Earthquake
A few days ago, we had an earthquake. At the time, I thought it was the concussion of a distant explosion or possibly a serious malfunction in one of the systems located beneath my feet in the basement of a house I still do not entirely trust. When I talked with neighbors and others who felt it, each had a different description, but none of us knew at the time that it was an earthquake. Having lived in the San Francisco Bay area as a child, I recalled the rolling tremors that had shaken my toys and books. By comparison, this was not an earthquake to me.

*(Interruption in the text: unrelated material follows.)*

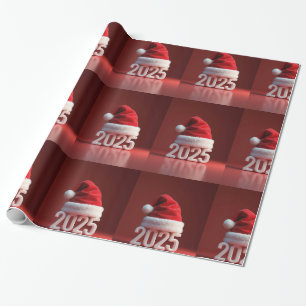 Papier Cadeau chapeau de santa rouge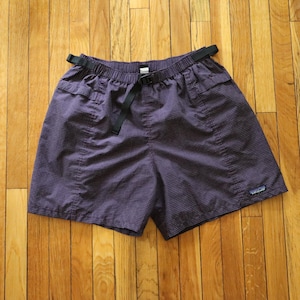 Vintage 1998 Patagonia Nylon Belted Inseam River Swim Shorts Trunks Mens XL Large 34 36 38 Purple Plaid Gridman Retro 90s Swim Suit Outdoor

A short while later, the text messages and phone calls began to roll in. “You just had an earthquake, you idiot!” pointed out my well-connected but distant offspring. They had the data and coordinates to prove it. The NGS confirmed it. Google Earth measured it: 2.9, centered 6.8 miles from here and 5 miles deep. Cold, hard data. There’s an app for that
Next came the questions: what should we be doing about this? What does the data tell us to do? Are there things we should check? Did it damage anything I/we are responsible for? What about the dam that holds in the lake we live on? Is there a contingency plan to go with this data?
Shortly after that, a final question: did this earthquake even matter? We have all sorts of accounts, impressions, and hard data. We have post-surveys, inspections, and discussions. And, when it comes down to it, it really does not matter. But at the time, it did. For a brief period, we needed the data to answer our questions and confirm/deny our worries. Without a more distant perspective, we did not even realize the truth about something potentially major. (BP certainly knows about lacking perspective from up-close at the time of an event.)
I still wonder which experience is more real: feeling it or measuring it..or combining the feeling with the data after the fact? In a classroom, how do a teacher and a student feel and measure the earthquakes of learning and know whether they matter?
I live in San Diego and can relate to the earthquakes. Last month, we had a few and one was as high as 5.9. It was like being on a roller coaster. My husband loved it, me not so much.
I am troubled and in agreement of you thought of Without a more distant perspective, “we didn’t even realize the truth about something potentially major”.
Especially in light of the recent budget cuts, common core standards, etc. What does that even mean? How will it impact the kids? Are they losing out? Will be find out much later?